[Exercise material — start]

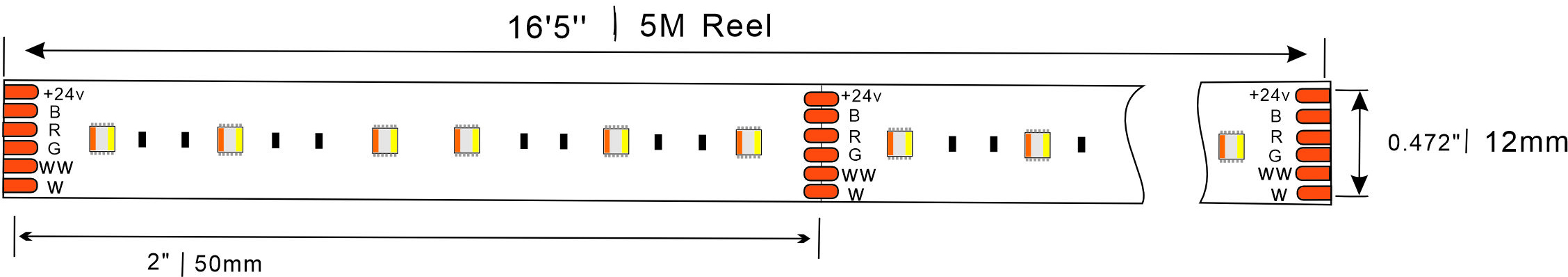 5050 5in1 LED Strip 60LEDs 24V Dimensions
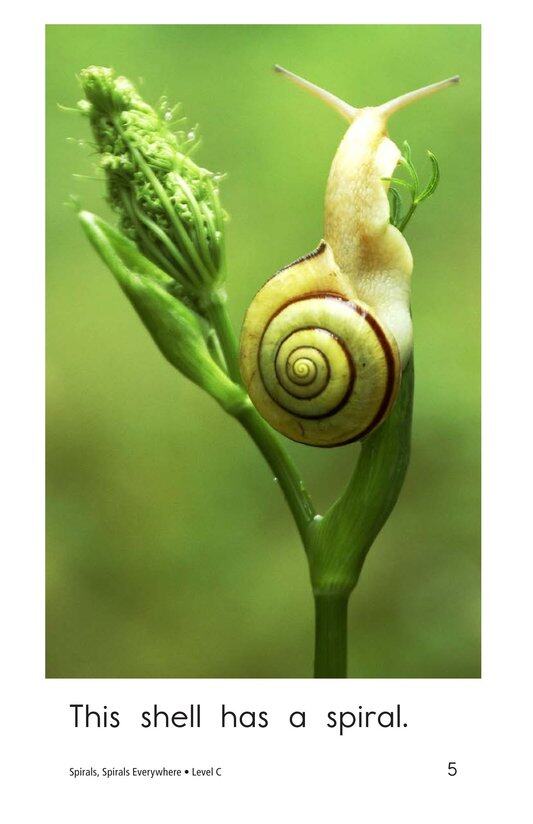 Spirals,Spirals Everywhere绘本故事第5页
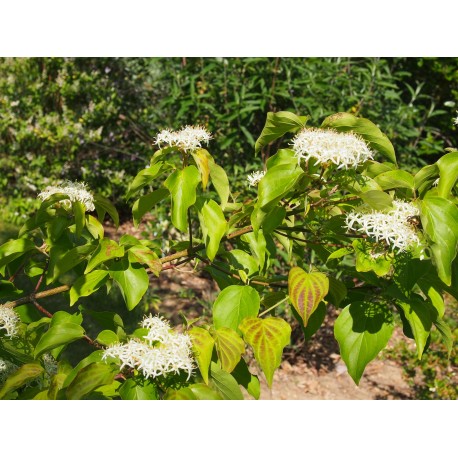 Cornus walteri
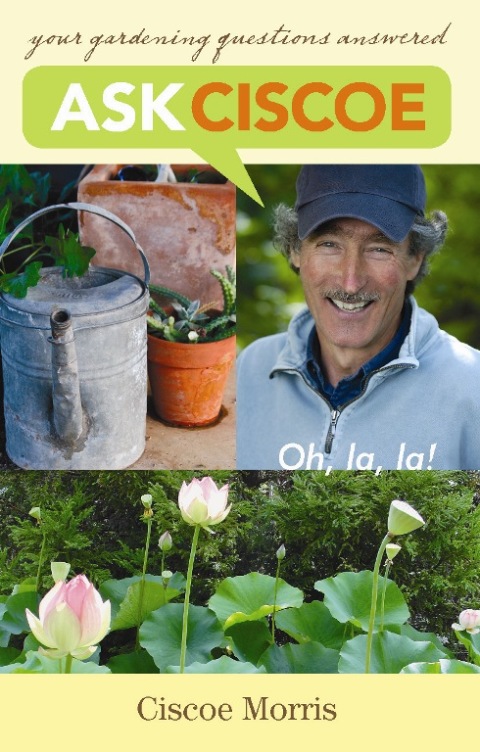 Cover image for book Ask Ciscoe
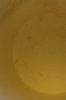 dwc2.jpg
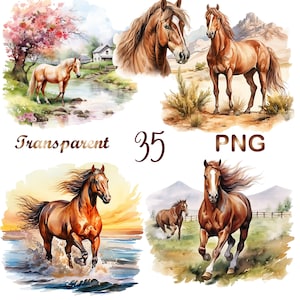 May include: Four watercolor paintings of horses. The first painting shows a brown horse standing in a field of grass. The second painting shows a brown horse running through a body of water. The third painting shows a brown horse standing in a field of grass with a pink tree in the background. The fourth painting shows a brown horse standing in a field of grass with a mountain in the background.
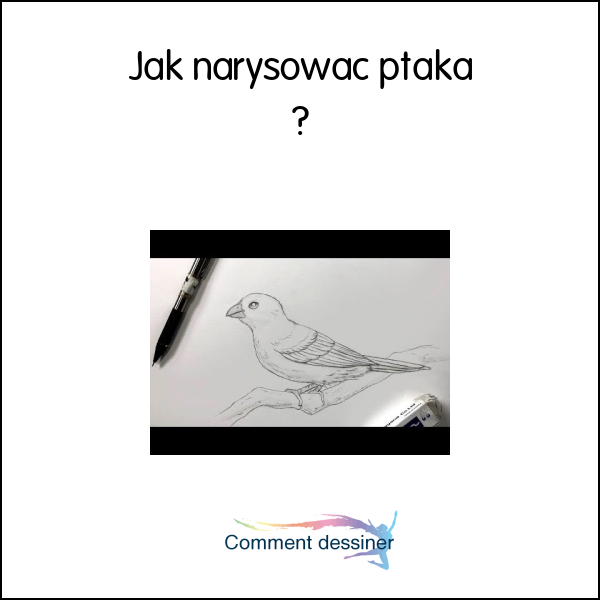 Jak narysować ptaka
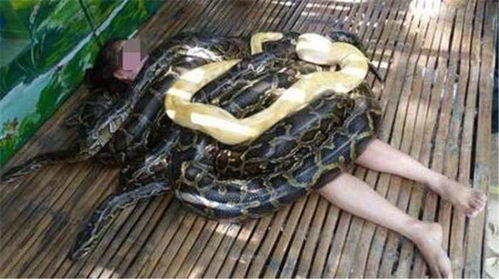 太吾绘卷抓蛇技巧 新手必看抓蛇方法 太吾绘卷抓蛇技巧 新手必看抓蛇方法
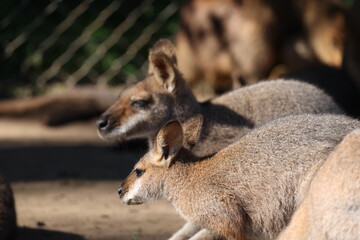 Two Wallabies Resting in Soft Sunlight at an Australian Wildlife Sanctuary © blueringmedia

[Exercise material — finish]

→ Work instructions: For this exercise, write out the listing verbatim and leave every image out.

→ Exercise response:
 5050 5in1 LED Strip 60LEDs 24V Dimensions
 Spirals,Spirals Everywhere绘本故事第5页
 Cornus walteri
 Cover image for book Ask Ciscoe
 dwc2.jpg
 May include: Four watercolor paintings of horses. The first painting shows a brown horse standing in a field of grass. The second painting shows a brown horse running through a body of water. The third painting shows a brown horse standing in a field of grass with a pink tree in the background. The fourth painting shows a brown horse standing in a field of grass with a mountain in the background.
 Jak narysować ptaka
 太吾绘卷抓蛇技巧 新手必看抓蛇方法 太吾绘卷抓蛇技巧 新手必看抓蛇方法
 Two Wallabies Resting in Soft Sunlight at an Australian Wildlife Sanctuary © blueringmedia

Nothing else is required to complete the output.